Mobility, habitat selection and population connectivity of the butterfly Lycaena helle in central Sweden

Abstract

To be able to predict habitat quality and potential distribution of threatened species is key to developing successful conservation strategies for threatened species with fragmented distributions. The aim of this study was to assess factors that limit the local distribution and density of Lycaena helle, an endangered butterfly, in central Sweden, and to estimate its mobility in order to classify local populations according to their importance for the connectivity on a regional level. An additional aim was to test if L. helle habitat quality could be assessed using remotely-sensed data such as laser scanning (LiDAR). We derived potential predictors of L. helle occurrence from laser scanning data and used a resource selection function to assess their predictive power. We used a mark-recapture approach to study L. helle movement and estimate dispersal distances. The probability of occurrence of L. helle increased with higher solar irradiation and was negatively affected by sloping terrain, but the LiDAR data generally had low predictive power. Population density increased with host plant density, but this effect was weak.
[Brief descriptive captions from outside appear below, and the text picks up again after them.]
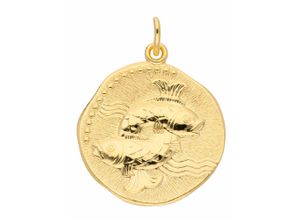 4059468443689 - Ketten-Anhänger ADELIA´S 333 Gold Sternzeichen Anhänger Fisch Ø 182 mm Schmuckanhänger Gr Damen Fische Gelbgold 333 goldfarben (gold) Damen Anhänger Goldschmuck für & Herren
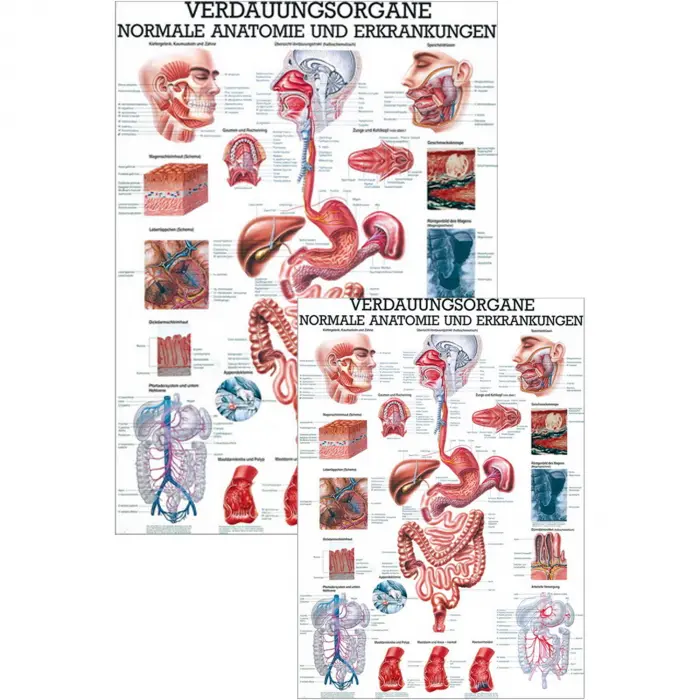 Verdauungsorgane - normale Anatomie u.  Erkrankungen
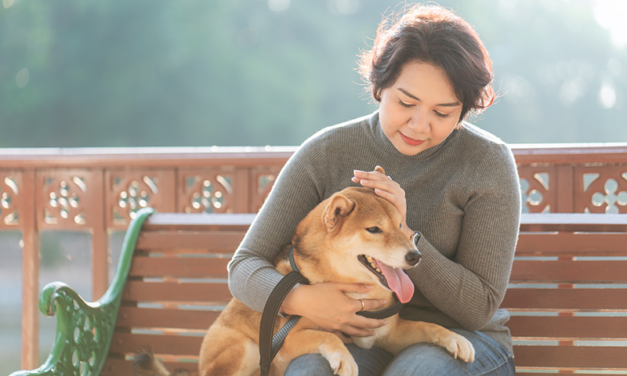 犬を愛することで得られる健康効果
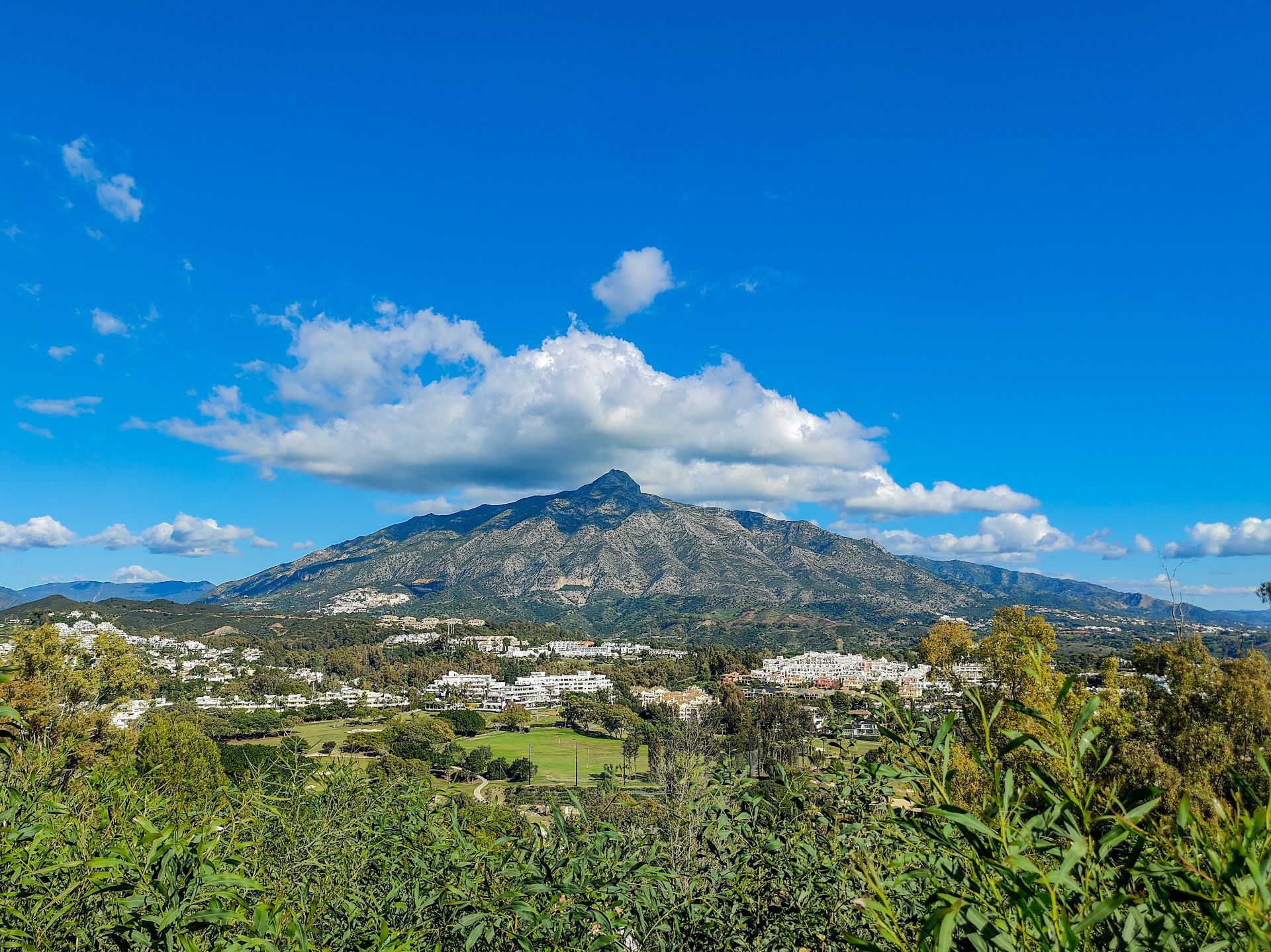 Nueva Andalucía, Marbella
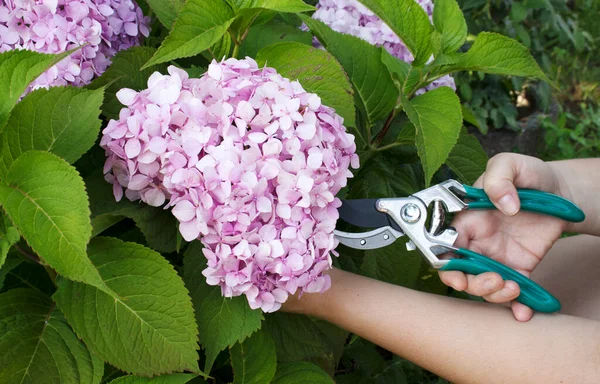 Trädgårdsmästaren Skär Hortensiablommorna Trädgården Med Trädgårdssax Begreppet Trädgårdsarbete Växtvård — Stockfoto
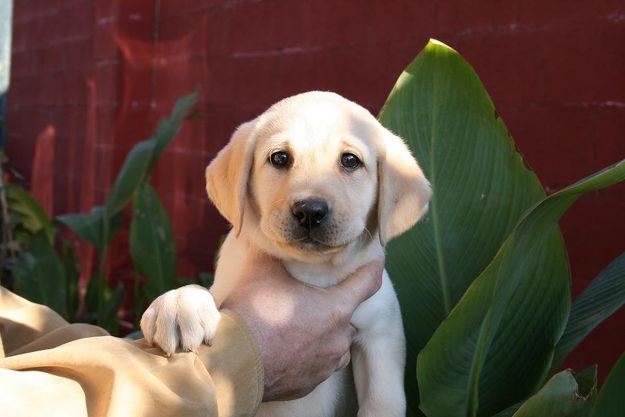 Labradores retrievers con pedigree de campeones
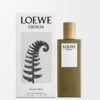 LOEWE Esencia EDT 50ml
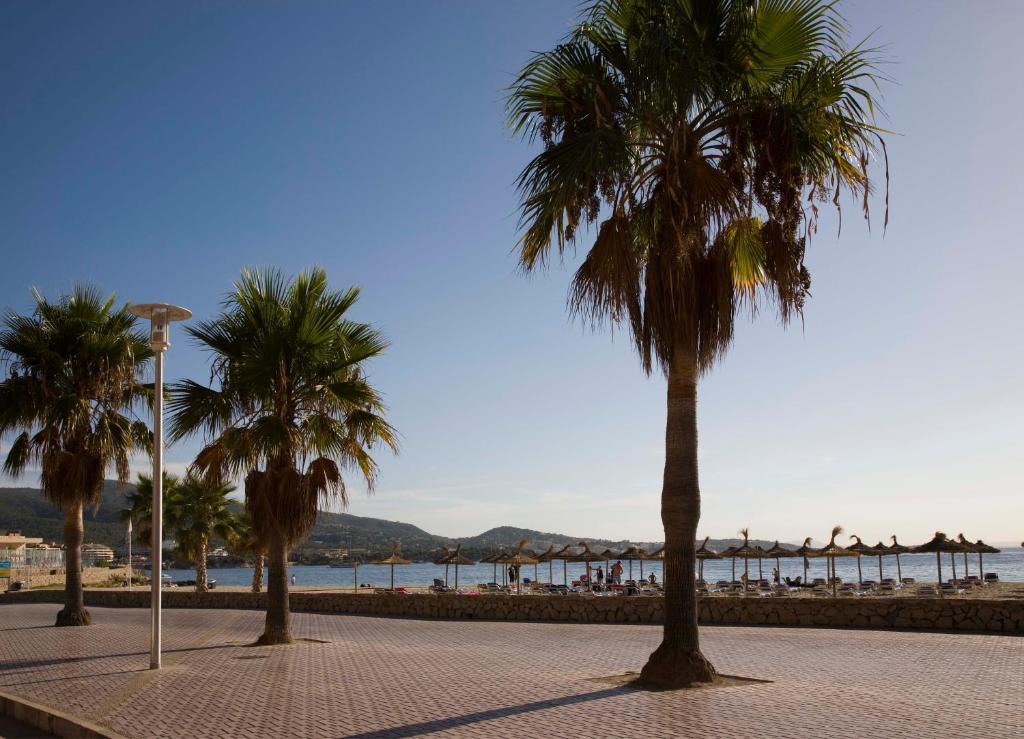 Globales Panamá - Adults Only — Palma Nova, Balearic Islands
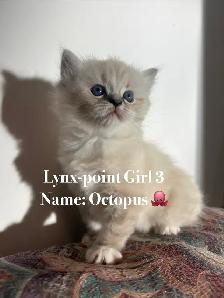 Ragdoll Kittens Available (Missisauga) - Photo 2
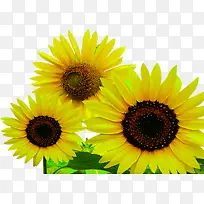 向日葵爱心海报设计-空若网 向日葵爱心海报设计-空若网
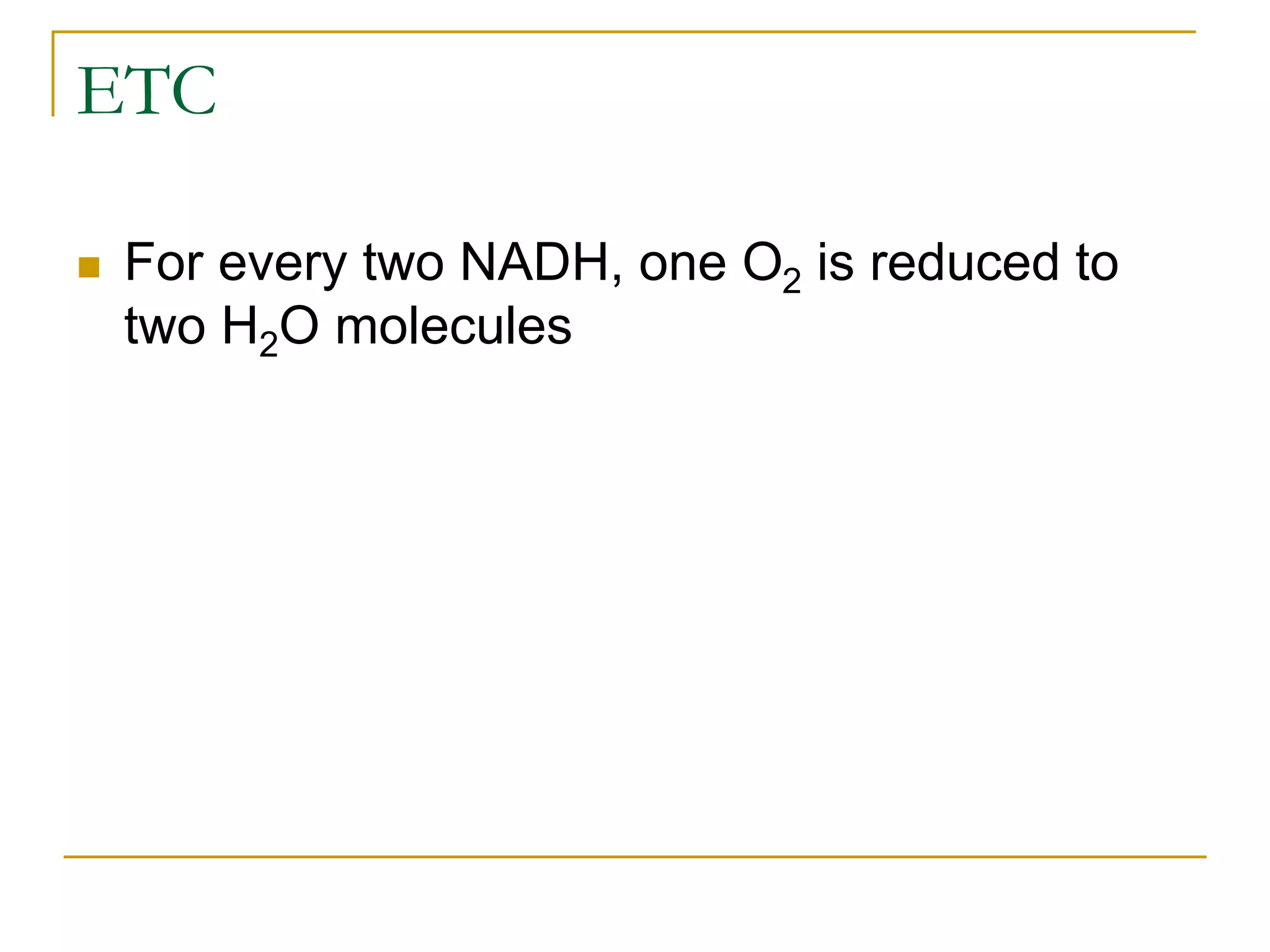 ETC
 For every two NADH, one O2 is reduced to
two H2O molecules
 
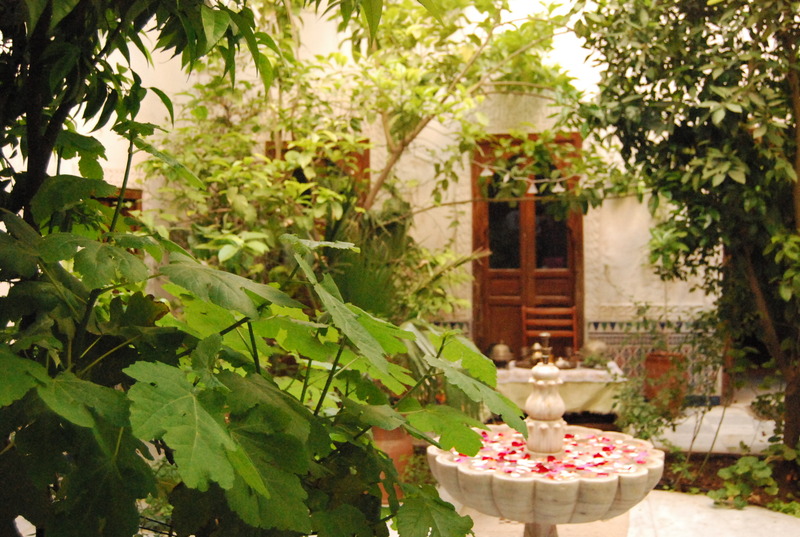 Riad Ben Youssef - Genel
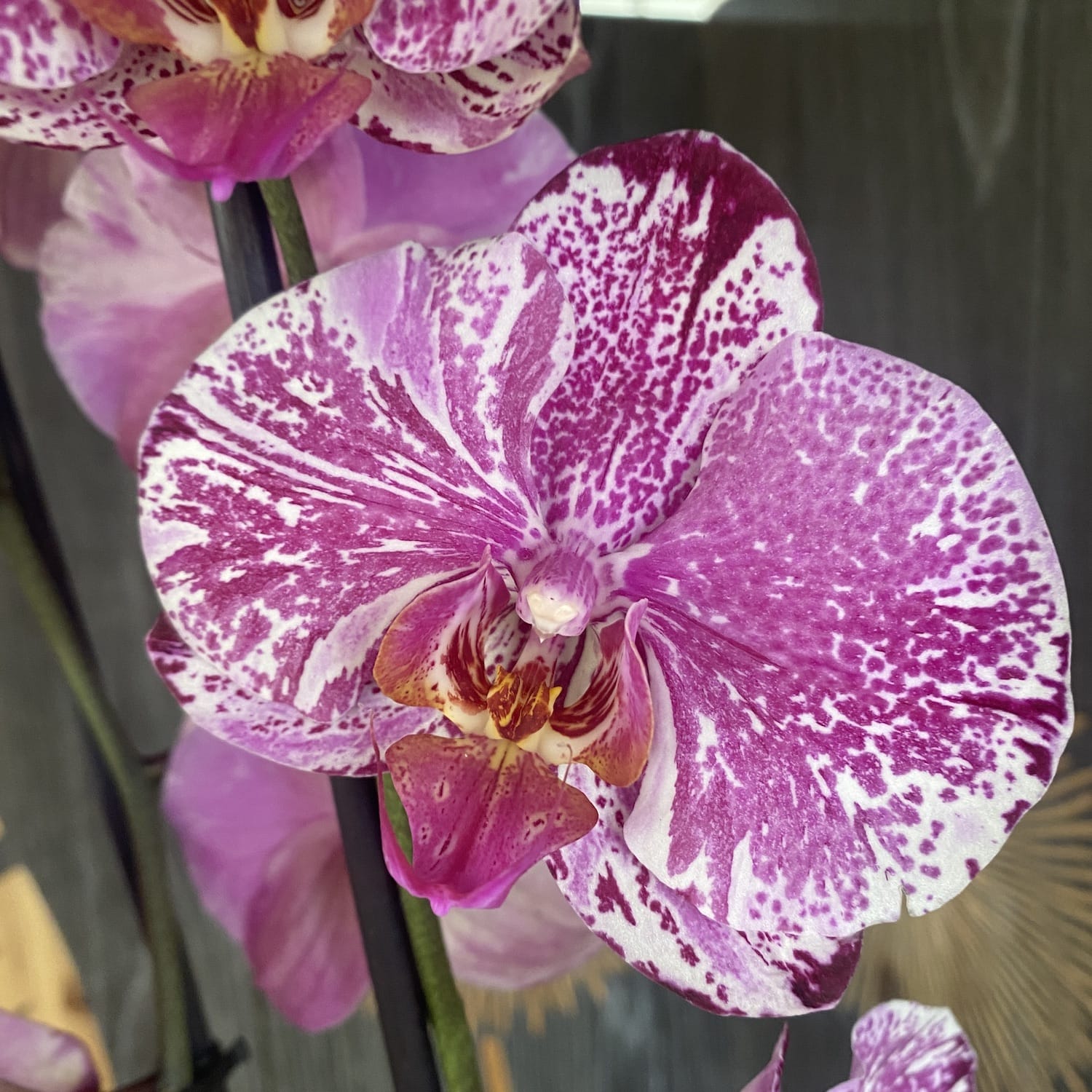 Phalaenopsis Thunder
The mark-recapture study confirmed that L. helle is very sedentary, with a mean movement distance of only 114 m and a maximum of 600 m. The studied population extends over a large network of interconnected linear habitats, which probably facilitates dispersal and thereby population persistence. Our study highlight the importance of a warm micro-climate and of man-made habitats like road verges and power-line corridors for the conservation of L. helle.